C’est l’homme de tous les compromis – certains diront de toutes les compromissions -, prêt à vendre tout ce qu’il peut pour sortir son pays de l’ornière, même s’il faut pour cela pactiser avec ses ennemis d’hier. Nous parlons du président turc, Recep Tayyip Erdogan. On l’a vu avec les Wahhabites des pays du Golfe, on l’a vu aussi avec Israël, avec qui il refuse de divorcer totalement en dépit des horreurs qu’il lui reproche. On le voit actuellement avec la Syrie. De l’aveu même du président américain élu Donald Trump – il sait ce qu’il dit – Ankara était à la manoeuvre pour faire tomber en un temps record le président syrien Bachar al-Assad. Celui-là même qui fermait les yeux quand l’armée turque traversait la frontière pour aller massacrer des Kurdes. Erdogan a encore mieux : le “cash money” des Européens…
L’Union européenne (UE) avait promis dès la chute du dictateur syrien qu’elle allait dépenser pour requinquer la Syrie ; les Européens comme les Américains et les Qataris sont disposés à parier sur les nouveaux maîtres de Damas. Tout le monde a envie d’y croire. C’est toujours le cas quand un sanguinaire de la trempe d’al-Assad est déboulonné. La “générosité” de l’UE commencera par la Turquie – on verra plus tard avec Hayat Tahrir al-Cham (HTC) -, qui abrite près de 3 millions de réfugiés syriens. Pour aider Erdogan à porter cette charge un premier chèque de 1 milliard d’euros a été signé.
La présidente de la Commission européenne (CE), Ursula von der Leyen, était hier mardi 17 décembre à Ankara et y a rencontré l’incontournable président turc, dont le bras va jusqu’en Russie, en Ukraine, au Moyen-Orient, en Afrique, etc. Les 3 millions de Syriens sur le sol turc ne rentreront pas chez eux dans un même élan, ils ont le temps de voir venir et puis il faut que les nouvelles autorités syriennes s’organisent pour les recevoir…
En attendant l’argent des Européens financera en Turquie des programmes éducatifs et de santé publique en direction des réfugiés syriens. Il est aussi question, a déclaré Mme von der Leyen, de subventionner la gestion de la migration, des frontières et de préparer le retour progressif en Syrie des exilés.

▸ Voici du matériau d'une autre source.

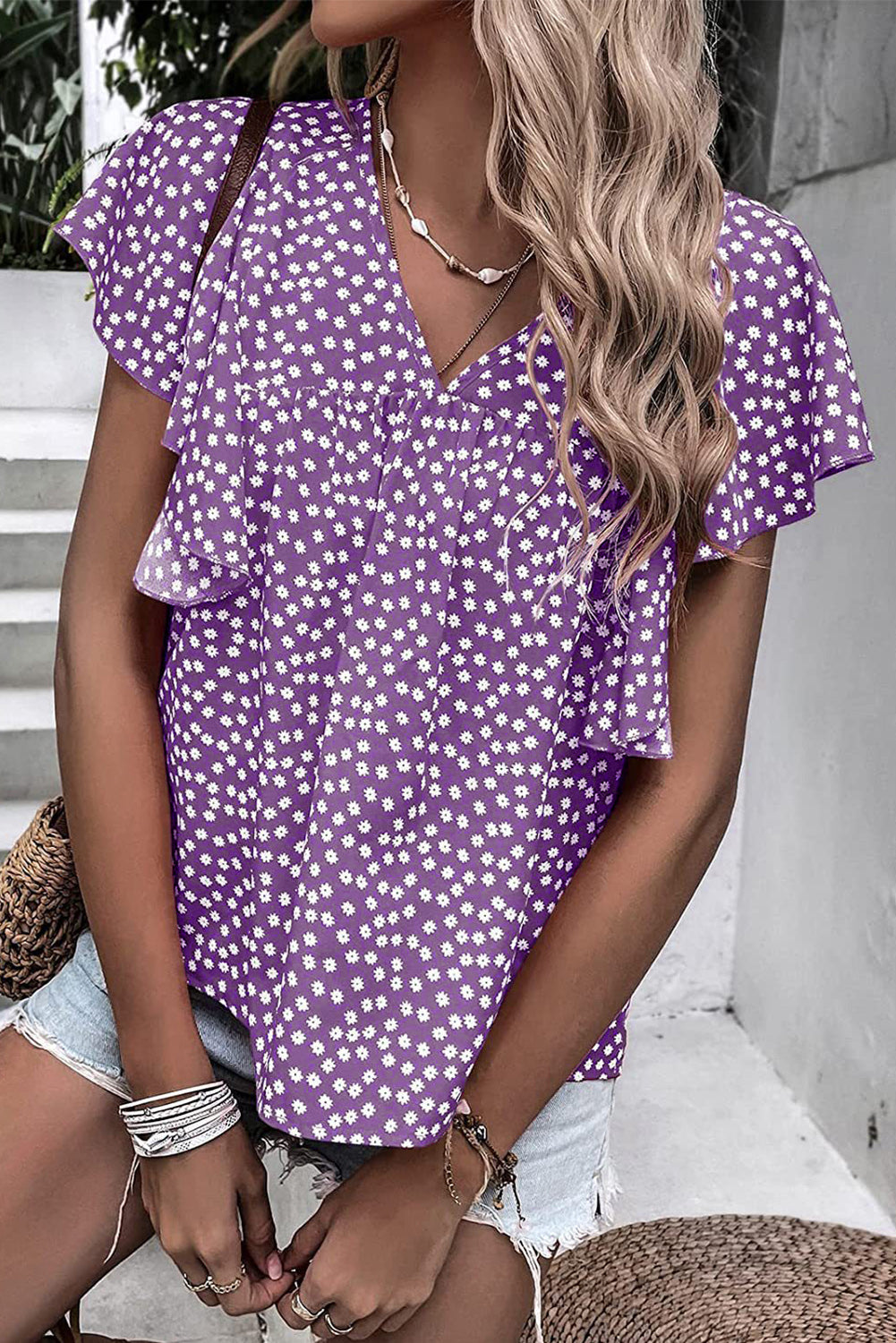 Blue Floral Print V Neck Ruffle Sleeve Blouse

«La chute du régime Assad donne de l’espoir au peuple syrien. L’espoir de rentrer chez eux et de reconstruire leur vie. C’est le sentiment le plus naturel qui soit. Cependant, le manque de prévisibilité exige la plus grande prudence, a affirmé Ursula von der Leyen. Une chose est donc très claire : tous les retours doivent être volontaires, sûrs et dignes. Nous travaillons avec le HCR pour nous assurer que les conditions nécessaires sont remplies», a déclaré la présidente de la CE.
Rappelons que depuis 2011 l’UE a fait 2 versements de 3 milliards d’euros chacun pour qu’Ankara garde sur son sol les réfugiés syriens ; d’autres enveloppes ont suivi et globalement la Turquie a encaissé quelque 10 milliards d’euros. Le moins qu’on puisse dire est que l’accueil des déshérités syriens n’est pas complètement désintéressé. A ajouter aux dividendes de la fuite d’al-Assad, en premier la manne de la reconstruction du pays. Les Turcs, dont on connait le savoir-faire en la matière, ont une belle carte à jouer. Erdogan gagne à tous les coups.